## Task
The output must match the entries below exactly, with pictures removed.

=== Data for processing ===

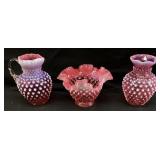 (3) FENTON CRANBERRY OPALESCENT HOBNAIL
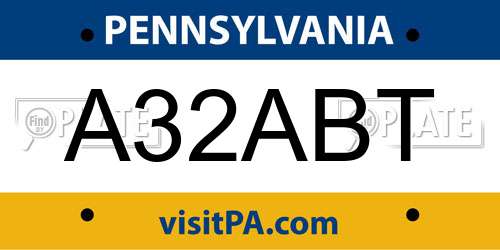 A32ABT Pennsylvania License Plate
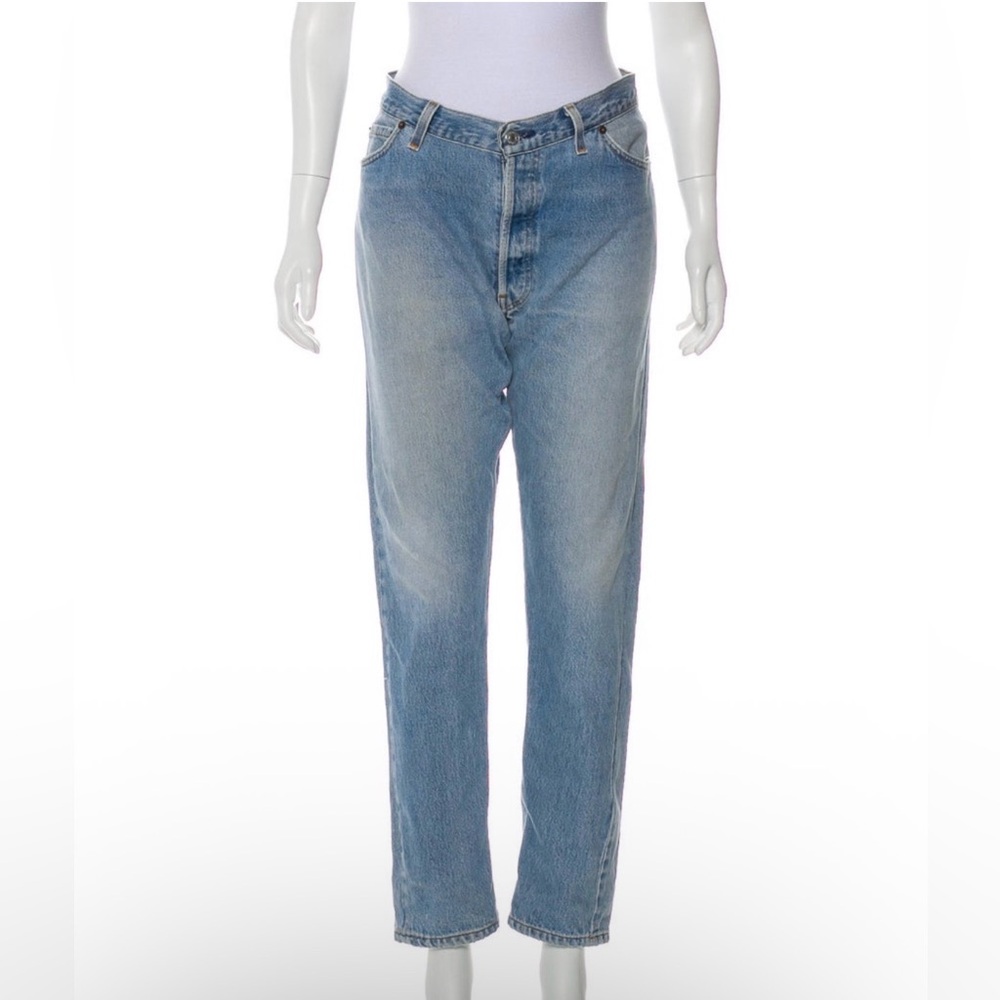 Re/Done Light Blue Distressed straight Jeans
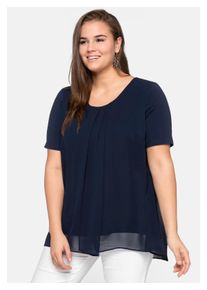 sheego Damen Blusenshirt "Große Größen", blau, klassisch, Gr. 54, unifarben, Obermaterial: 95% Viskose, 5% Elasthan;Webteil: 100% Polyester, Shirts,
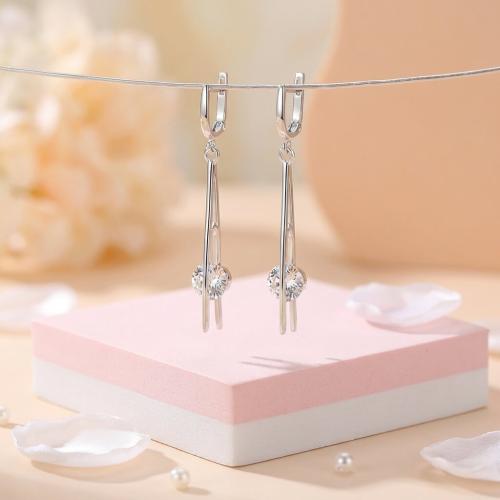 Сребърни обеци с циркони 7308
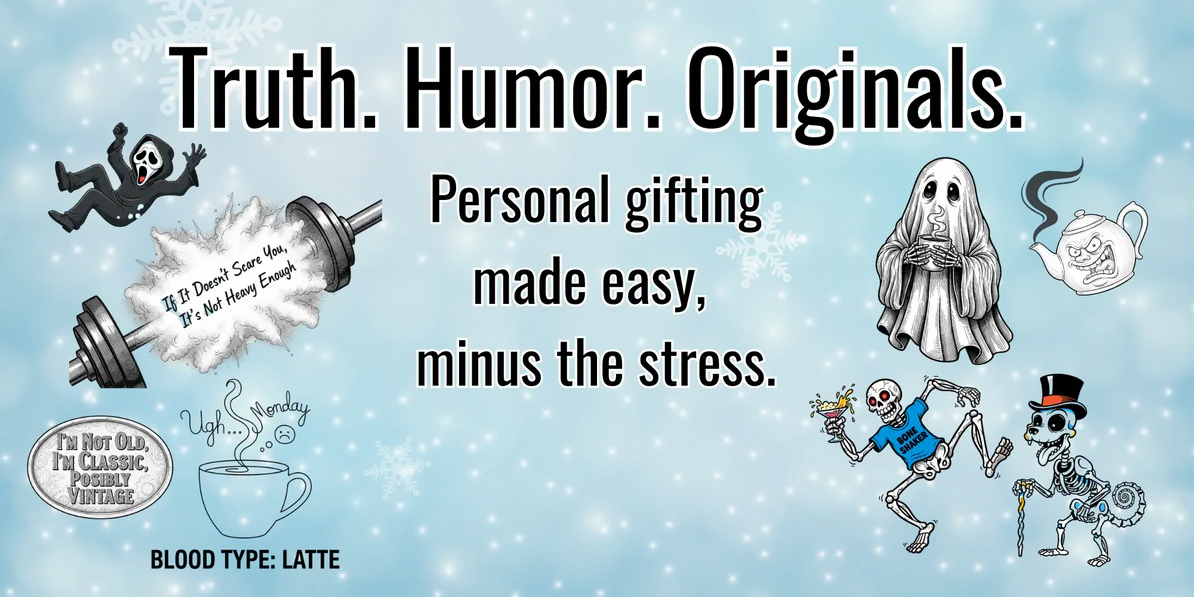 Cartoon skeletons and coffee-themed text on a light blue background with snowflakes.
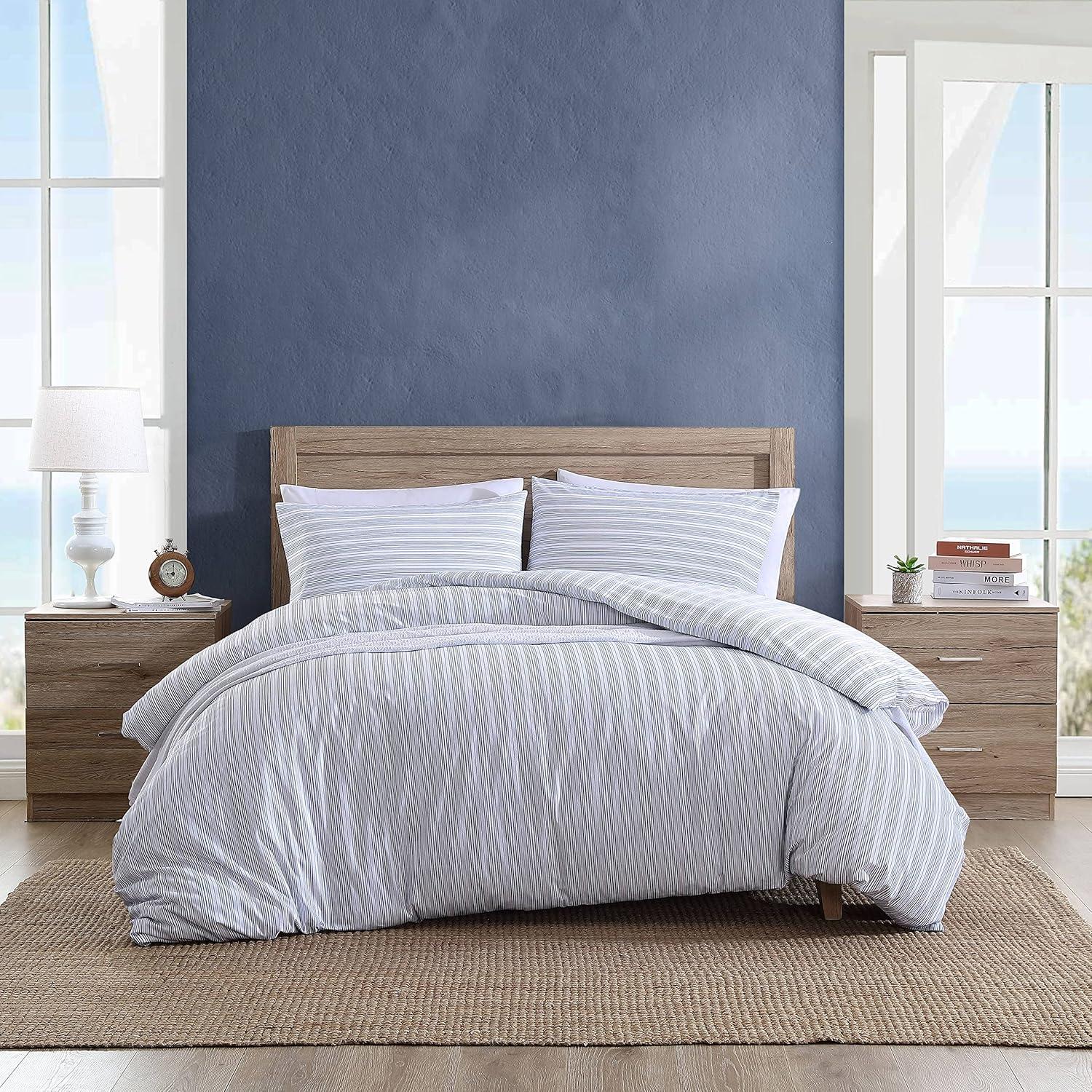 Nautica Beaux Stripe Blue Cotton Percale Duvet Cover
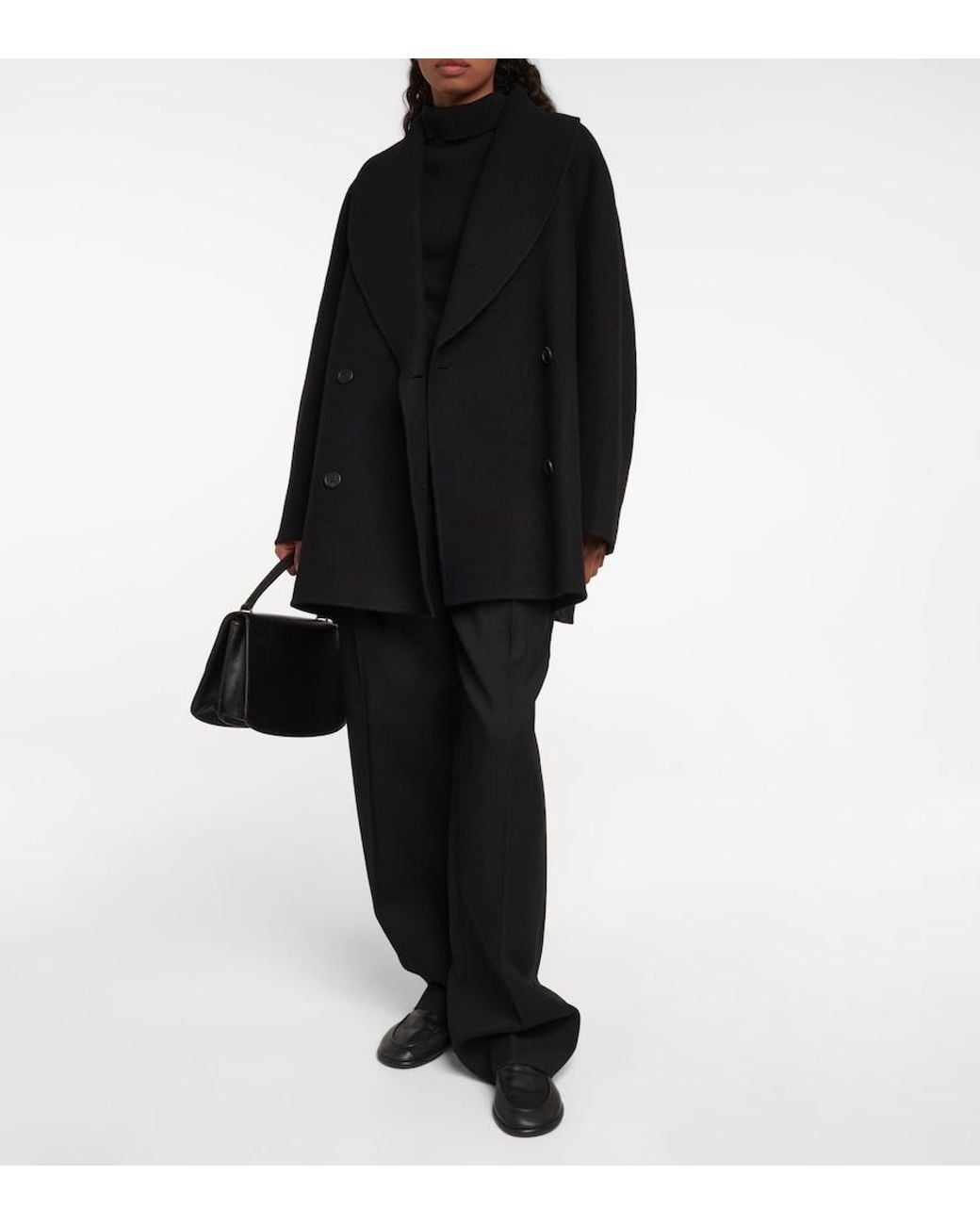 The Row Black Polli Wool-Blend Coat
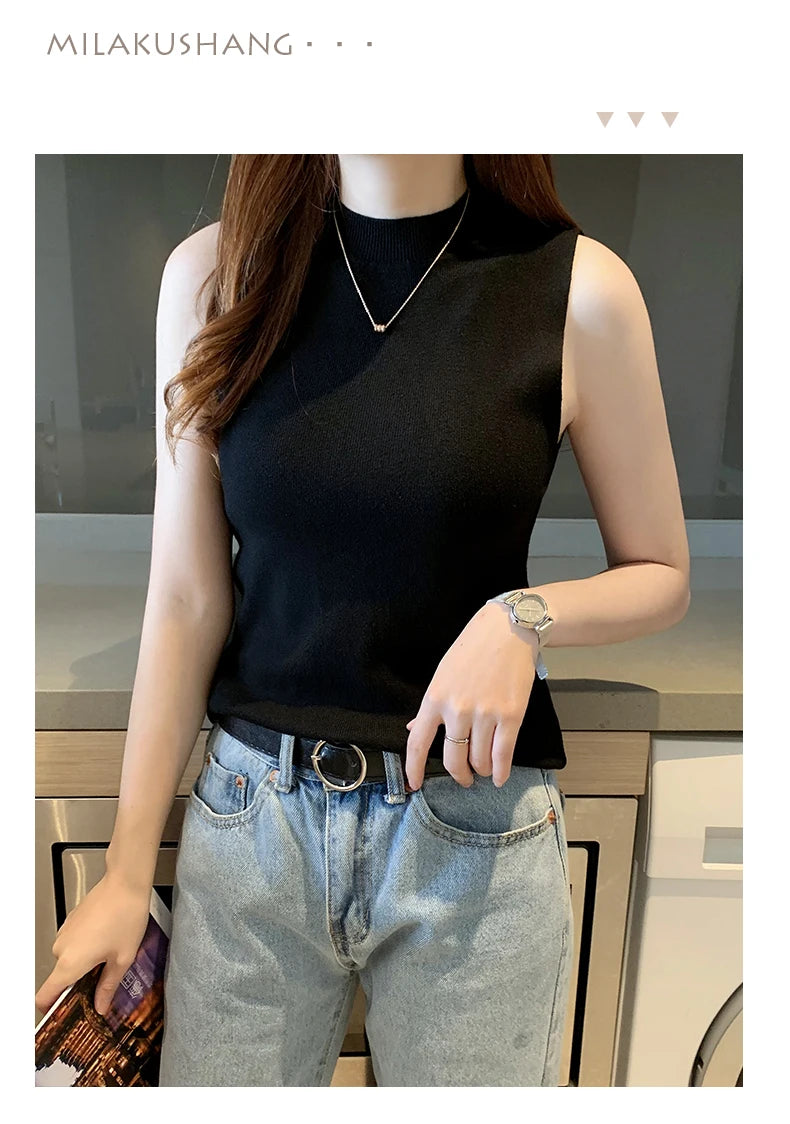 Women's T-Shirts Spring Summer Women Knitted Tank Sleeveless Shirts Tops Female High Elastic Slim Casual Knit T-Shirts Crop Tops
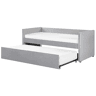Cama gavetão Veludo TROYES 90 x 200 cm Cinzento claro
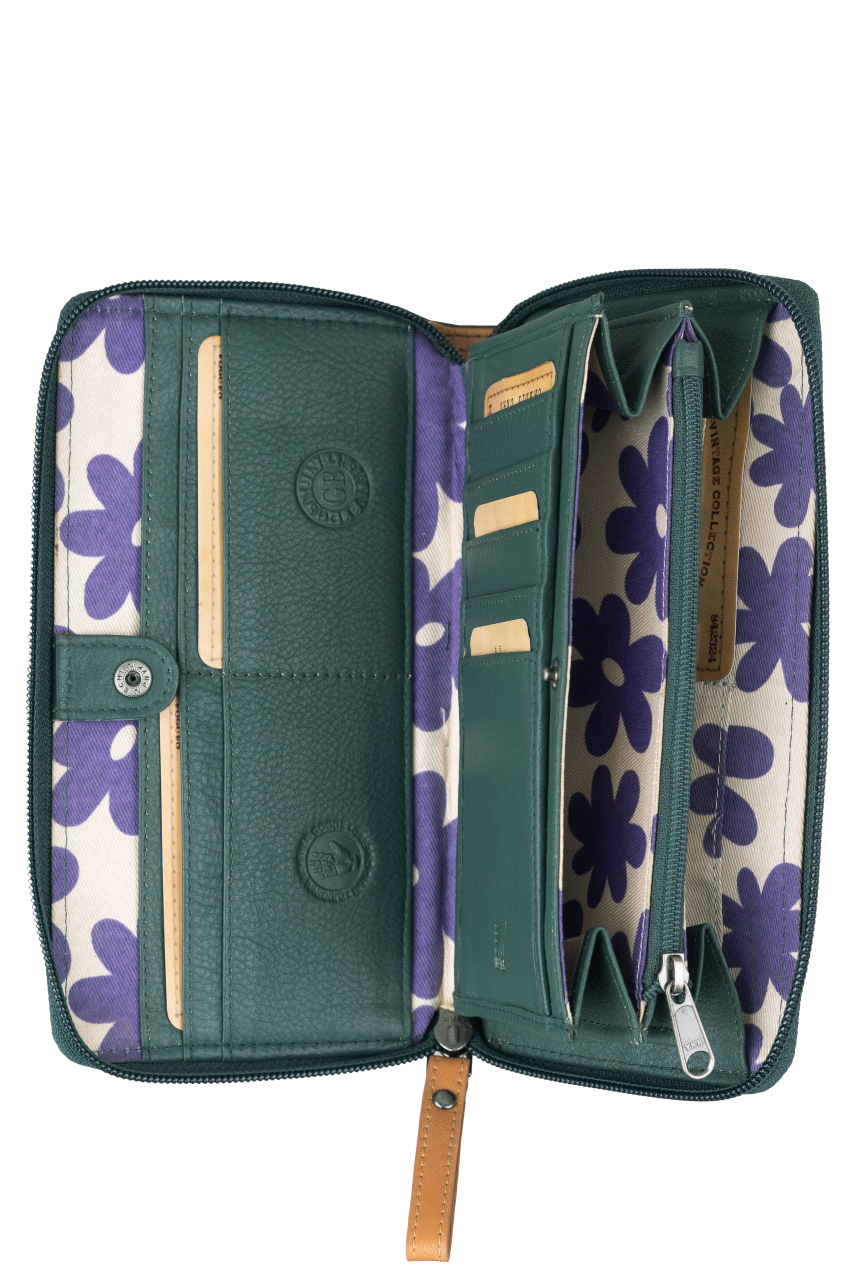 DUETT  RV-Damen Langbörse bottlegreen/tan RFID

===

## Solution for this task
 (3) FENTON CRANBERRY OPALESCENT HOBNAIL
 A32ABT Pennsylvania License Plate
 Re/Done Light Blue Distressed straight Jeans
 sheego Damen Blusenshirt "Große Größen", blau, klassisch, Gr. 54, unifarben, Obermaterial: 95% Viskose, 5% Elasthan;Webteil: 100% Polyester, Shirts,
 Сребърни обеци с циркони 7308
 Cartoon skeletons and coffee-themed text on a light blue background with snowflakes.
 Nautica Beaux Stripe Blue Cotton Percale Duvet Cover
 The Row Black Polli Wool-Blend Coat
 Women's T-Shirts Spring Summer Women Knitted Tank Sleeveless Shirts Tops Female High Elastic Slim Casual Knit T-Shirts Crop Tops
Cama gavetão Veludo TROYES 90 x 200 cm Cinzento claro
 DUETT  RV-Damen Langbörse bottlegreen/tan RFID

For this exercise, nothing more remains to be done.